• **DIRECTIONS FOR THIS TASK**
Once the line with "Learning Worksheet Emperor" is found in the entries below, repeat it and each following line exactly, up to and including the line with "(2025 Upgrade) WYBOT". Add no other lines.

[[ SUPPLIED MATERIAL, beginning ]]

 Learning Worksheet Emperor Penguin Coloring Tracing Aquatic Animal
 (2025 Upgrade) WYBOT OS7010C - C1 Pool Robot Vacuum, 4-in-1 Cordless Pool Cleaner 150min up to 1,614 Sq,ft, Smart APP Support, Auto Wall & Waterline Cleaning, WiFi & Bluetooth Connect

[[ SUPPLIED MATERIAL, end ]]
[[ SUPPLIED MATERIAL, beginning ]]

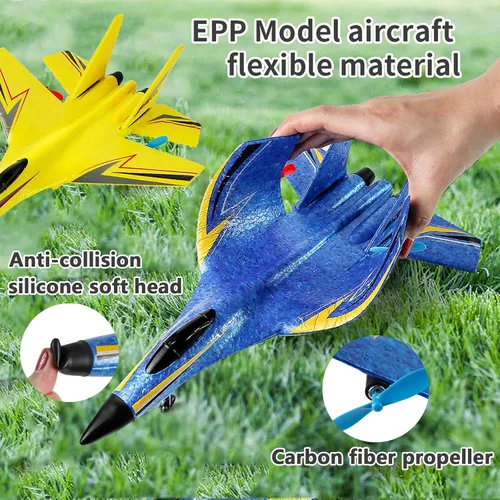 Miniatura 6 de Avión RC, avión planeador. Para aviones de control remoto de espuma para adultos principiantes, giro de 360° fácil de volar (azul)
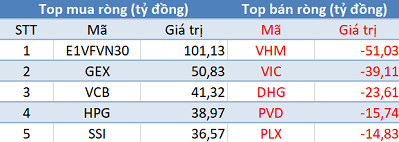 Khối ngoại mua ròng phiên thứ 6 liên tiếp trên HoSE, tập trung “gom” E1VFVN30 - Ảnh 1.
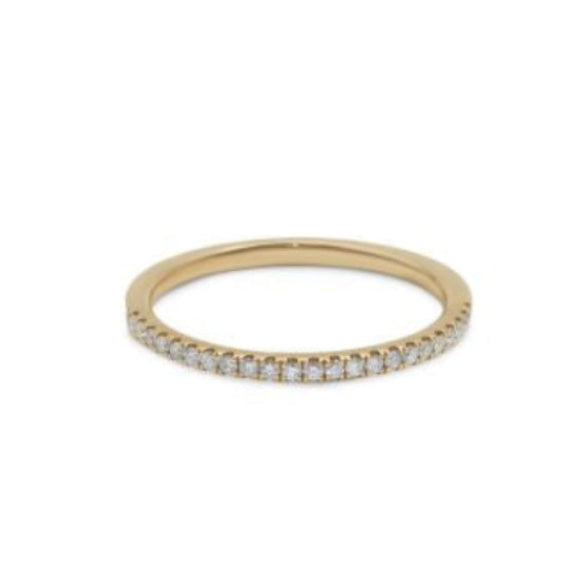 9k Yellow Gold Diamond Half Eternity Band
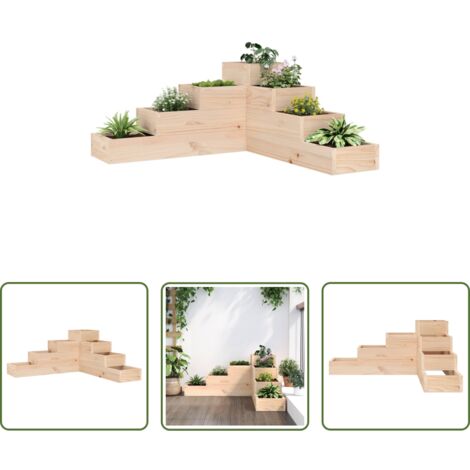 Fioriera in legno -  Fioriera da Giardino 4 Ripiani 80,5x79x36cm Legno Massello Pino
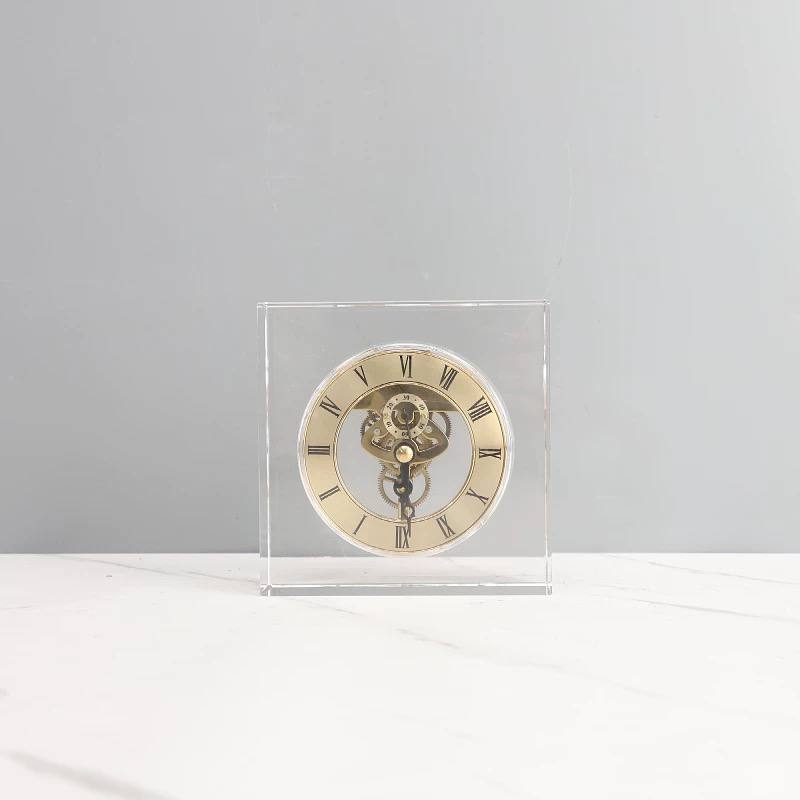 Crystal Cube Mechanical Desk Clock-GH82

[[ SUPPLIED MATERIAL, end ]]

• **SOLUTION FOR THIS EXERCISE**
 Learning Worksheet Emperor Penguin Coloring Tracing Aquatic Animal
 (2025 Upgrade) WYBOT OS7010C - C1 Pool Robot Vacuum, 4-in-1 Cordless Pool Cleaner 150min up to 1,614 Sq,ft, Smart APP Support, Auto Wall & Waterline Cleaning, WiFi & Bluetooth Connect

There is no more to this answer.